Portugal vuelve a la cima del fútbol europeo. En una final cargada de emociones, tensión y simbolismo, la selección lusa derrotó a España en la tanda de penales (5-3) tras igualar 2-2 en un duelo que enfrentó a dos épocas: el legendario Cristiano Ronaldo y la promesa Lamine Yamal.

El partido fue un choque vibrante de estilos y generaciones. España golpeó primero, pero los lusos, con carácter y experiencia, respondieron con contundencia. Aunque Cristiano no tuvo su actuación más lucida, su presencia fue determinante, marcando el gol del empate y liderando a su equipo en los momentos más difíciles.

Por el lado español, Lamine Yamal, la gran joya del futuro, tuvo una noche apagada. Poco participativo, no logró desequilibrar y fue sustituido antes del segundo tiempo suplementario. La presión de una final y el temple de los portugueses pudieron más.

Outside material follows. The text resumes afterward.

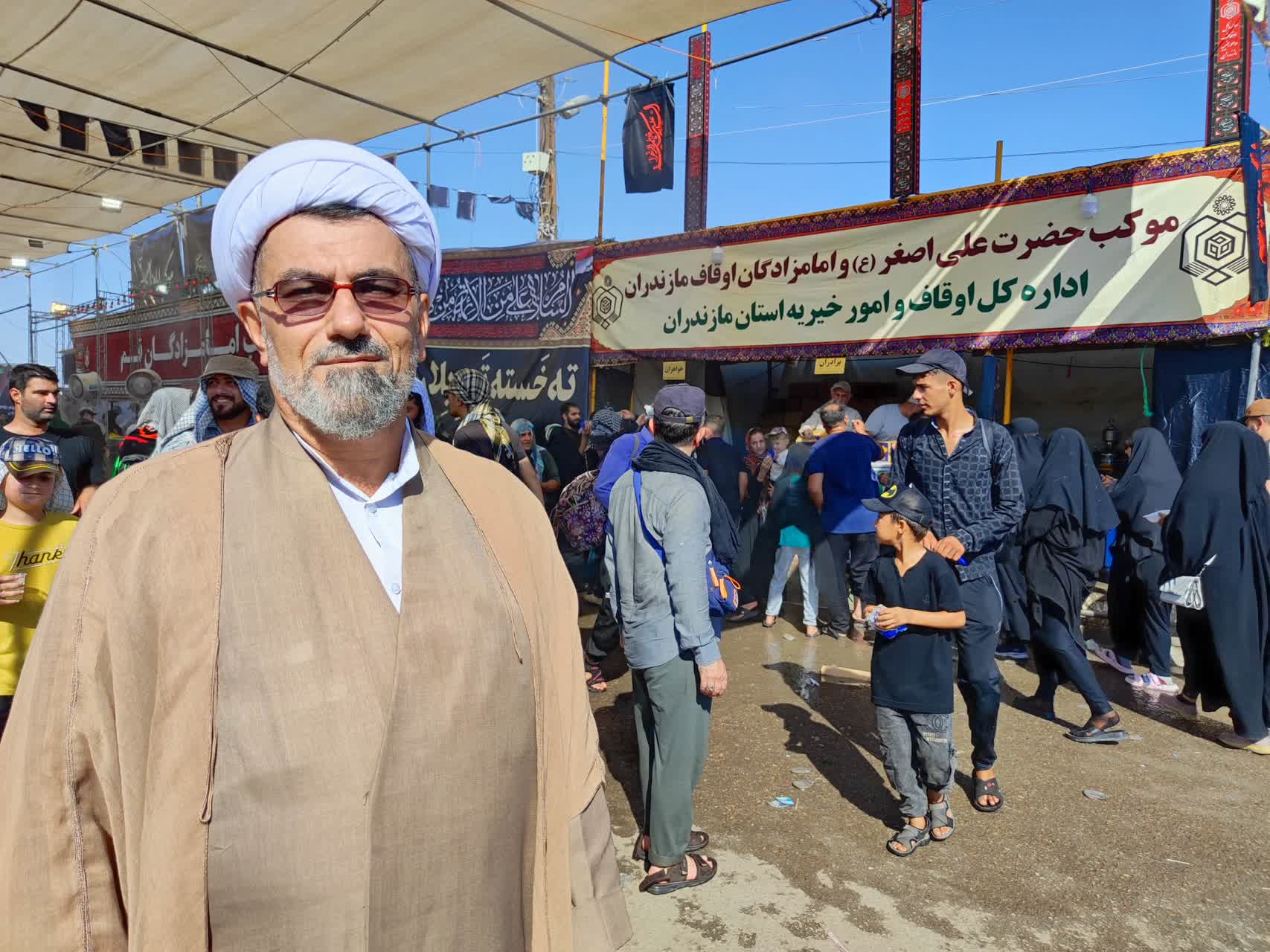 موکب اوقاف مازندران در شهر مقدس سامرا برپا می‌شود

Cristiano Ronaldo lo volvió a hacer. A sus 40 años, con lágrimas en los ojos y la bandera de Portugal en el alma, levantó la copa de la UEFA Nations League, guiando a su país hacia otro capítulo dorado en su historia futbolística.
En una final de alto voltaje ante España, el eterno capitán no necesitó brillar todo el partido para ser decisivo. Marcó el gol del empate, animó a sus compañeros, y cuando llegó el momento final, tomó la copa con las dos manos y la alzó al cielo, como lo ha hecho tantas veces, pero siempre como si fuera la primera.
Las cámaras lo enfocaron: emocionado, con el rostro iluminado y el corazón en la mano. Una imagen que quedará grabada en la memoria de los aficionados portugueses y del mundo entero.